Tillich and Otto
1. The second commandment in the Protestant ordering prohibits idols. What are those?
- Sign and symbol both point beyond themselves--but the symbol participates in that which it points to. Think of the difference between a blueprint and a wallet photo of a loved one.
- Symbols are found in all religions. Symbols can be in all media. Think of participation in singing a hymn versus just reading out loud a treatise about God. The singing of a hymn is a symbol of life in God, not just a sign.
- The pointing and the participation come together in a symbol. Think of Eastern Orthodox icons. The icon of the Trinity is full of meaning. Blue stands for divinity. Each of the persons has that. But the Holy Spirit also has green--for new life--and a hand pointing down. The Father has shimmering robes of glory. The Son in addition to the blue of the divinity has brown for earthly humanity, and holds out two fingers, for his two natures, human and divine. The icon is at the same time a treatise of theology (the Orthodox do not talk of "painting" icons but of "writing" them), as something that symbolizes God in a detailed way, and yet it participates in that holiness. One would not light a candle in front of a book about the Trinity, but the Orthodox will light a candle before the icon.

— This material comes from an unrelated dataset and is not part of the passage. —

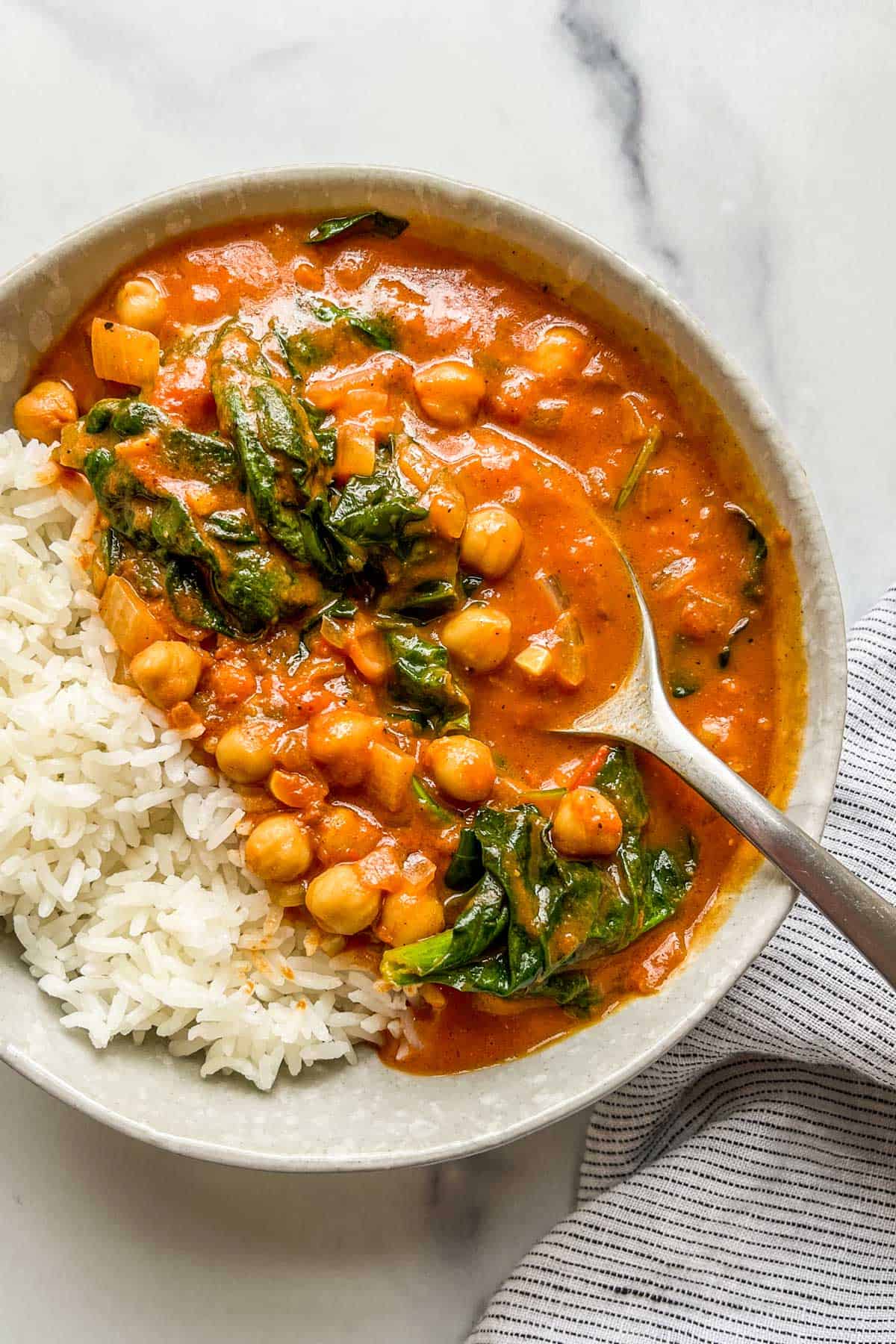 Intermediate-Spiced Chickpea and Spinach Curry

- Everything in existence can be a symbol of God, because God is the ground of being.
- According to Tillich, a symbol becomes an idol if it is no longer seen as pointing beyond itself, if it is seen as the holy itself, and not as something that points to the holy.
- Symbols have their meaning only in a certain context. To think that they have unconditional meaning, meaning beyond their context, is to treat them as idols.
In particular, doctrines like the virginal conception of Jesus are symbols, and when they are in a culture that does not get much out of them, they become idols. Tillich seems to be thinking that if something is treated as having "ultimate validity", a validity transcending culture, then it is being treated as God.
- Is this right? Mathematics seems to have a validity transcending culture, but when we say this, we are not treating mathematics as God. As a historical matter of fact, either Mary was a virgin or was not a virgin when Jesus was conceived. Whether she was or was not, the fact is objective, physical and transcends culture. But this does not mean that the fact is being worshiped. (By the way, Tillich's argument that Christ was not fully human if he did not have a human father is simply fallacious. Presumably, there was a first human being at some point in history, and that first human being by definition also did not have a human father, but was no less human for that.)
- Tillich opposes the literal and the symbolic. But perhaps there is a fourth category besides sign, symbol and idol, a category for something that both is literal and symbolic, and where the two are intertwined. Consider something like the crossing of the Red Sea. One can say that on the one hand it was a literal and physical event. On the other hand, this physical event symbolized many things--God's liberating love, salvation, baptism. It was precisely because the event was a literal liberation from the Egyptians that it is capable of symbolizing these things. Some Christians (e.g., Catholics, the Eastern Orthodox, Lutherans) believe that in the communion service, Christ comes to be both actually present and to be symbolized (the physical eating symbolizes his spiritually feeding us).
2. The next command commands us to keep holy the divine name. Traditionally, this is understood as a prohibition against false oaths that invoke the divine name.
- I had you read Otto on what "holy" means. It does not just mean "morally good" or anything that can be put into words. It has a meaning that goes beyond that. It signifies the morally good plus the "numinous". What is the numinous? The best way is to describe it is as the mysterium tremendum et fascinans--the mystery that provokes fear/awe and yet that attracts. It pushes and pulls. We understand this non-rational addition through feeling in certain indescribable ways.
- Question: Do we owe respect to what people from other religions treat as holy? Are all these things symbols of God? Or only some?